Senior Applied Scientist
Microsoft
Senior Applied Scientist
Suzhou, Jiangsu, China
Save
Overview
As a Senior Applied Scientist, you will help transform how Copilot features are evaluated and improved. Your team will deliver end-to-end experimentation, evaluation, and insights to Copilot engineers, PMs, and fellow scientists. You’ll work on the data generation platform that creates algorithms and ML pipelines for simulating user actions and dataset that reflect real-world usage and user preferences and develop metrics that go beyond accuracy—capturing nuance, intent, and satisfaction. You’ll work on scalable pipelines that support offline evaluations for Copilot Search, BizChat, Connectors, and Agents (DAs). This opportunity will allow you to dive deep into Copilot technologies, shape how AI quality is measured at scale, build critical skills in the AI-era, and rapidly grow your career.
Microsoft’s mission is to empower every person and every organization on the planet to achieve more. As employees we come together with a growth mindset, innovate to empower others, and collaborate to realize our shared goals. Each day we build on our values of respect, integrity, and accountability to create a culture of inclusion where everyone can thrive at work and beyond.
Qualifications
Required Qualifications:
- Bachelor's Degree in Statistics, Econometrics, Computer Science, Electrical or Computer Engineering, or related field AND 4+ years related experience (e.g., statistics predictive analytics, research)

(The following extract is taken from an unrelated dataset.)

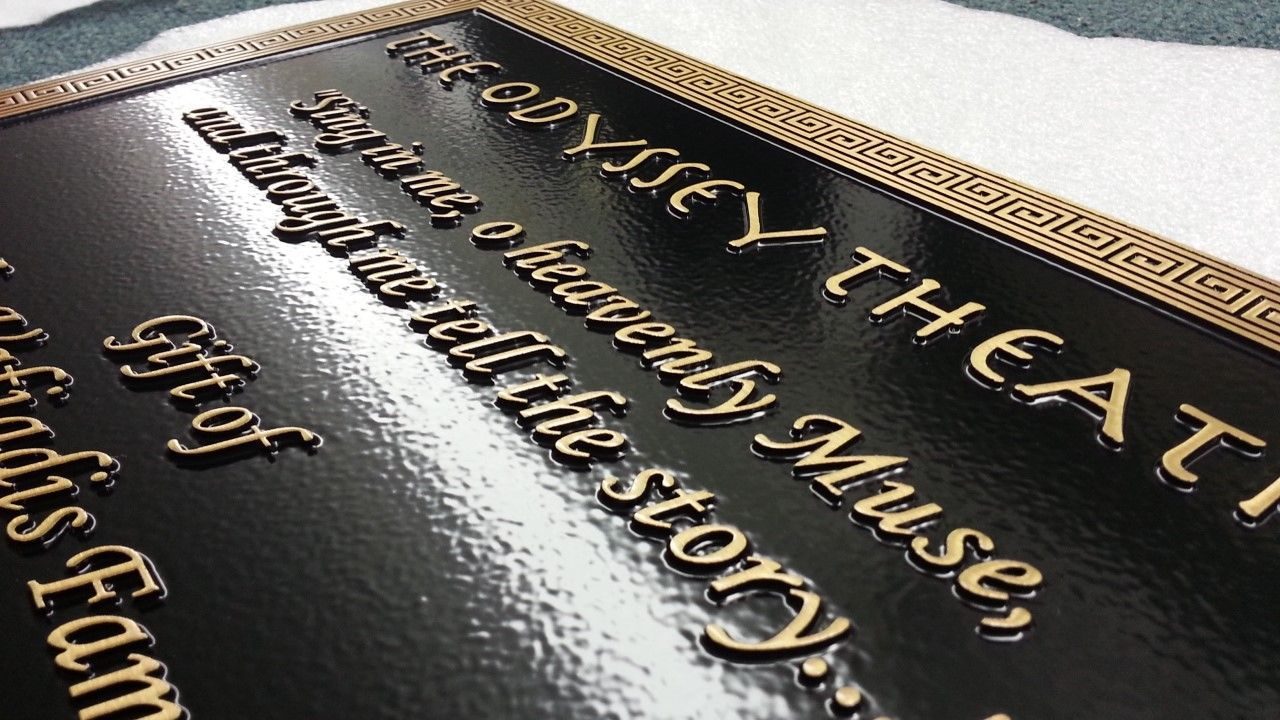 Black plaque with gold text and border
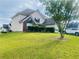 Lovely home with a sprawling green lawn and mature trees, great for outdoor activities at 15 Emerson Trl, Covington, GA 30016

- OR Master's Degree in Statistics, Econometrics, Computer Science, Electrical or Computer Engineering, or related field AND 3+ years related experience (e.g., statistics, predictive analytics, research)
- OR Doctorate in Statistics, Econometrics, Computer Science, Electrical or Computer Engineering, or related field AND 1+ year(s) related experience (e.g., statistics, predictive analytics, research)
- OR equivalent experience.
- Excellent communication and collaboration skills, with the ability to work across engineering and product management.
Other Requirements:
Ability to meet Microsoft, customer and/or government security screening requirements are required for this role. These requirements include but are not limited to the following specialized security screenings:
- Microsoft Cloud Background Check: This position will be required to pass the Microsoft Cloud background check upon hire/transfer and every two years thereafter.
Preferred Qualifications:
- Master's Degree in Statistics, Econometrics, Computer Science, Electrical or Computer Engineering, or related field AND 6+ years related experience (e.g., statistics, predictive analytics, research)
- OR Doctorate in Statistics, Econometrics, Computer Science, Electrical or Computer Engineering, or related field AND 3+ years related experience (e.g., statistics, predictive analytics, research)
- OR equivalent experience.
- 3+ years' experience conducting research as part of a research program (in academic or industry settings).
- 1+ year(s) experience developing and deploying live production systems, as part of a product team.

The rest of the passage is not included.